So to say, collaboration is the mechanism of Web3 growth. For that reason, products, instead of being “unique” and siloed, are designed more like complements of other products. Like Lego pieces which are supposed to create synergy.

Such a mindset directly affects the way you write in Web3. Whether it’s meticulously written brand positioning content or social media brain dump, it all comes down to one simple rule — you’ll hardly succeed alone. Always write with that in mind.

After absorbing these high-level principles, it’s time to move on to the next step. The hardest one, actually.

Step 3: Push yourself out of comfort zone

In Web2, engineers build products, and marketers humanize them. The overlap of the two on Venn’s diagram is minimal, yet the process seems frictionless. As a Web2 writer, you can talk or write for hours about your product without needing to go knee-deep into tech details.

Moreover, the more you talk about benefits (or even better, about emotions as the consequences of those benefits) and less about the product, the better.

In Web3, it’s different. Blockchain is still a novel and immature technology, and people crave to know what’s under the hood.

Of course, you don’t need to learn to code a smart contract in Solidity or to build a dApp, but you’ll have to fiercely get to grips with tech. That requires reading, watching, and understanding a lot of tech-packed materials.

It’s obligatory because if you write superficially about blockchain and similar topics, you will either be wrong and miss the point or be banal and lose the readers. Or, most probable, you’ll be both.

One hack to accelerate your learning curve is to stick to Web3 engineers. Be inquisitive. Ask them everything. Let them back your content with ideas, facts, and insights. Then, even when you mature as a writer, don’t lose them from sight.


A wise king knows what he knows and what he doesn’t. You’re young. A wise young king listens to his counselors and heeds their advice until he comes of age. And the wisest kings continue to listen to them long afterward.

Tywin Lannister

Everything seems less scary when you imagine yourself as king for a second. Let’s move on.

Yes, reading is worthwhile, and asking for help is even more. But there is one thing that can help you make the quantum leap.

Start using protocols and dApps. Get into the crypto game and start learning from the inside. Given that Web3 velocity is supersonic, catching up with news and trends will be even more challenging if you don’t include an emotional component. Invest your time, and it will pay off.

Step 4: Refocusing the writing structure

The typical writing process includes research, text outline, first draft, text editing, SEO, and final polishing. Of course, it is a sequence of events that remains intact in Web3. What is different is that some segments in this process will be more time-consuming than their Web2 counterparts.

I can’t emphasize this enough: However much time you spend on research, double it when it comes to Web3 writing. Or even better, triple it. Research is the most critical and demanding part of writing high-quality Web content.

Starting from the assumption that you suck at Web3, you’ll need to invest a lot more time in finding valuable materials, understanding them and verifying them.

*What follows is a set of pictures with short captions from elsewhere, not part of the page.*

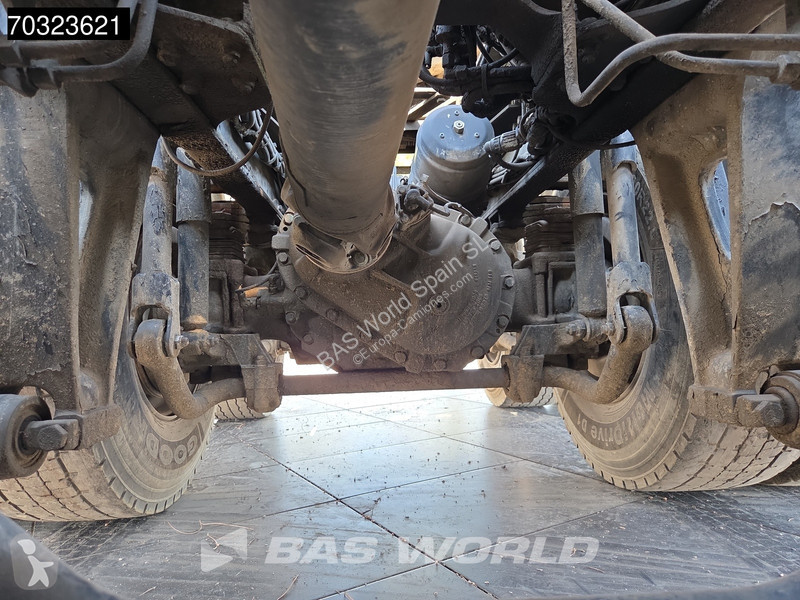 جرار MAN 41.660 8X4 250T! WSK Full-Steel XXL...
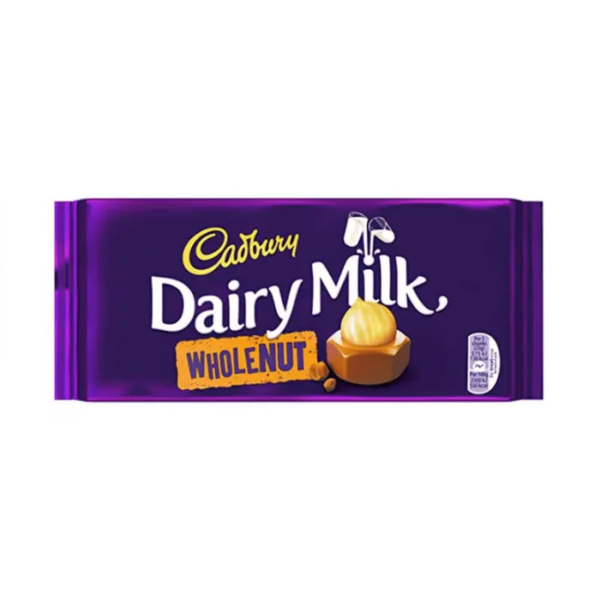 cadbury dairy milk wholenut price in bd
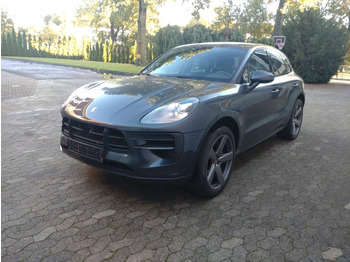 Coche Porsche Macan S: foto 1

The fact that a lot of Web3 content is poorly written produces additional friction.

On top of that, much precious information is hidden in the depths of the internet (discord servers, subreddits, substack newsletters, telegram channels, premium medium articles, and last-year Twitter threads). So brace yourself. It will take time and effort to become nimble in research.

Critical thinking will be your best friend along this journey. Your analysis should be unbiased and based on evidence. Every external info needs to be double-checked. Like you’re an investigative journalist.

But it takes a long time? Yes, but it is more acceptable pain than being black-labeled in case of promoting misleading facts. This is an additional reason why you need engineers by your side. They provide social proof.

If you have done research correctly, outlining and writing can make you feel like going down the slide. Web3 content isn’t that saturated, so even a modest creative person will have plenty of options to find a new angle.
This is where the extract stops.